Dont go for a 56. I too and 6-1, but I had to get rid of the 56. 56 c-c, 60 c-t. But the BB is so high, the TT is high, and the HT is real long. The problem with the 54 is that it is too short! I going for a different bike now!


----------



## OneGear (Aug 19, 2005)

eyefloater said:



> Interesting. I'm 5'10 as well but I'm considering a "54" Ridley. Granted, I'm all legs (85cm inseam). I'd probably end up with a 100mm stem on the bike for a good fit. Any idea what your inseam is, OneGear?


Eyefloater, 
I'm the same; all legs, shorter torso. 85cm from heel to crotch. the higher end ridley cx bikes have different geometry but the crosswind and crossbow are the same. If you're about the same as me, you should go 52 or lower, based on standover. To give you an idea, my effective tt+stem measurement is about 645mm.


----------



## eyefloater (Jul 3, 2006)

OneGear said:


> Eyefloater,
> I'm the same; all legs, shorter torso. 85cm from heel to crotch. the higher end ridley cx bikes have different geometry but the crosswind and crossbow are the same. If you're about the same as me, you should go 52 or lower, based on standover. To give you an idea, my effective tt+stem measurement is about 645mm.


Hmm ... take a look at this: https://www.cyclingnews.com/tech/2007/probikes/?id=johnson_bessette_cross07 ... that's what I've been basing my "54cm" decision on. Lyne's bike is set up (fit-wise) almost exactly the same as mine ... my BB-saddle measurement is few mm longer. I think her bike looks pretty well set up and proportioned (FYI, I like my bars up high for CX/minimal saddle-bar drop but I'm not a fan of lots of spacers or +17 degree stems aesthetically).


----------



## eyefloater (Jul 3, 2006)

Lyne, if you're reading this ... if I could just borrow your bike for a season to test out the fit that would be super helpful.


----------



## atpjunkie (Mar 23, 2002)

*most bikes*

I ride are 59-61 (road and cross) my Ridley is a 58
they run high and short


----------



## lithuania (Dec 22, 2007)

i was really concerned about the weird geometry but i ran into a deal i couldnt pass up. (500 for frame and fork new) I wasnt really concerned with the 60cm c-t st as I was with the short 56TT. So far its worked out great. I need to drop out the spacers and flip the stem though since right now its up pretty high.


----------



## Salsa_Lover (Jul 6, 2008)

OneGear said:


> Eyefloater,
> I'm the same; all legs, shorter torso. 85cm from heel to crotch. the higher end ridley cx bikes have different geometry but the crosswind and crossbow are the same. If you're about the same as me, you should go 52 or lower, based on standover. To give you an idea, my effective tt+stem measurement is about 645mm.

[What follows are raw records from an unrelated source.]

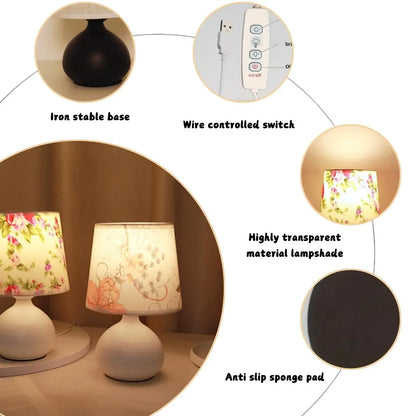 Floral Pattern Fabric Table Lamp, USB Powered Decorative Bedside Light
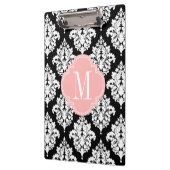 パーソナライズなエレガントな白黒ダマスク織 クリップボード (左)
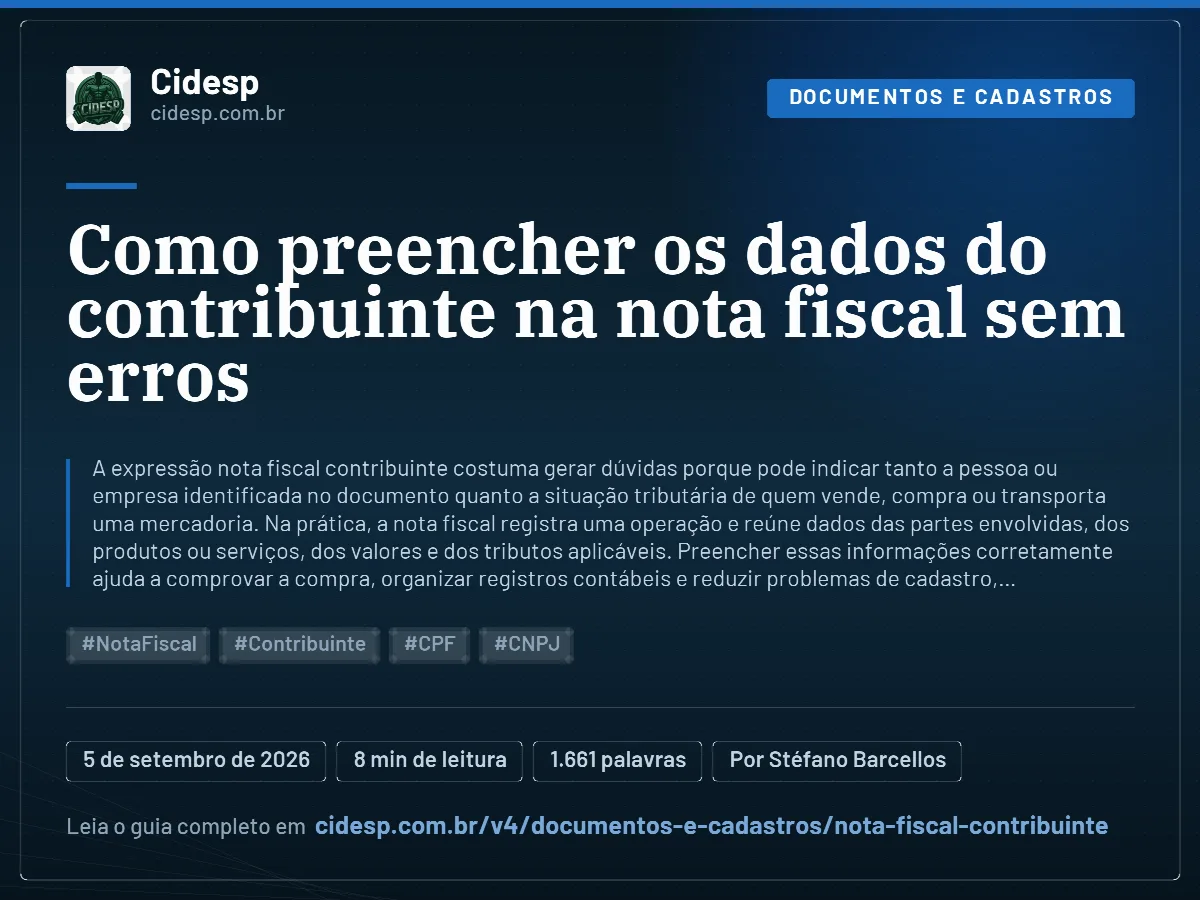 Cartão do artigo “Como preencher os dados do contribuinte na nota fiscal sem erros”, com resumo, data de publicação e endereço da página.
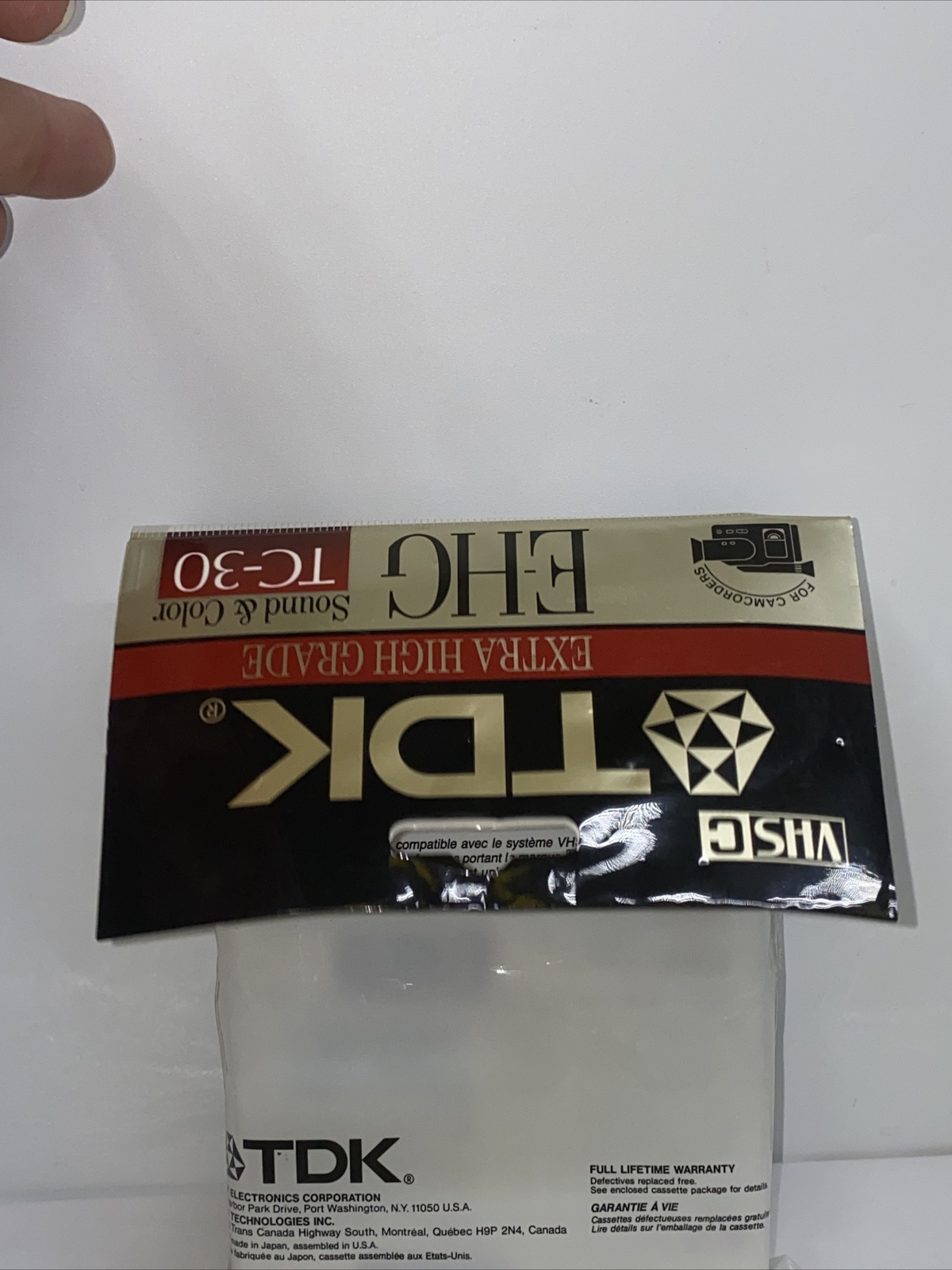 TDK E-HG TC-30 Video Camcorder Cassette Tapes 2 Pack Super Avilyn 30 Min. D6 New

Same here, again I am 5' 11", ~84 inseam and I ride the 52 and it is perfect sized.

Take into account that the cross wheels add to the height I ride 35c wheels

The bike fits me right, the 54 would be too tall.


----------



## OneGear (Aug 19, 2005)

what model are you looking at? crosswind or xfire? 

check this out
http://www.ridley-bikes.com/geometry.php


----------



## OneGear (Aug 19, 2005)

check these specs out...


----------



## eyefloater (Jul 3, 2006)

Kind of both, actually. There's a NOS 2007 54 X-Fire (black/grey model) that's available to me or a current Crosswind in "whatever" size. And ya, I've taken a look at the geometry info (waaay too many times).

Looking at everything except for standover height it seems like the 54 X-Fire would fit me like a glove (I'm comparing this against the geometry/set up of my current bike which I won't bore you with). The X-Fire has a lower BB than the Crosswind, btw, which you might already know. Standover would be tight but if there's just barely enough room for the boys I'd be okay with that as long as the bike felt perfect while I was riding it.


----------



## OneGear (Aug 19, 2005)

eyefloater said:


> Kind of both, actually. There's a NOS 2007 54 X-Fire (black/grey model) that's available to me or a current Crosswind in "whatever" size. And ya, I've taken a look at the geometry info (waaay too many times).
> 
> Looking at everything except for standover height it seems like the 54 X-Fire would fit me like a glove (I'm comparing this against the geometry/set up of my current bike which I won't bore you with). The X-Fire has a lower BB than the Crosswind, btw, which you might already know. Standover would be tight but if there's just barely enough room for the boys I'd be okay with that as long as the bike felt perfect while I was riding it.


yeah, that's exactly what mine is.. tight standover but perfect on the bike. 

the xfire would be a sweet ride.


----------



## fuzz-tone (Sep 29, 2008)

I don't know if it was a typo, but I seem to remember that (at least in the sizes I looked at, 54 and 56) the standover height of the X-Fire was taller than the X-Night/Crosswind/Crossbow/Supercross (which are all the same geometry) even though the BB drop was larger. The standover height isn't on Ridley's site, so I must have found it somewhere else. Can anyone confirm or debunk this?


----------



## Corndog (Jan 18, 2006)

FYI; 
I'm 6' 1.5" with a cycling inseam of just under 34". I went with a 56 Super Cross last season and really liked it. I basically had no stand over clearance, but stand over is pointless anyhow. The 56cm TT is what I needed. I'm running a setback post and a 120mm stem. One thing I don't like is the head tube is pretty tall. 185mm.... so when you put a cable hanger and such on there, it really starts getting high. 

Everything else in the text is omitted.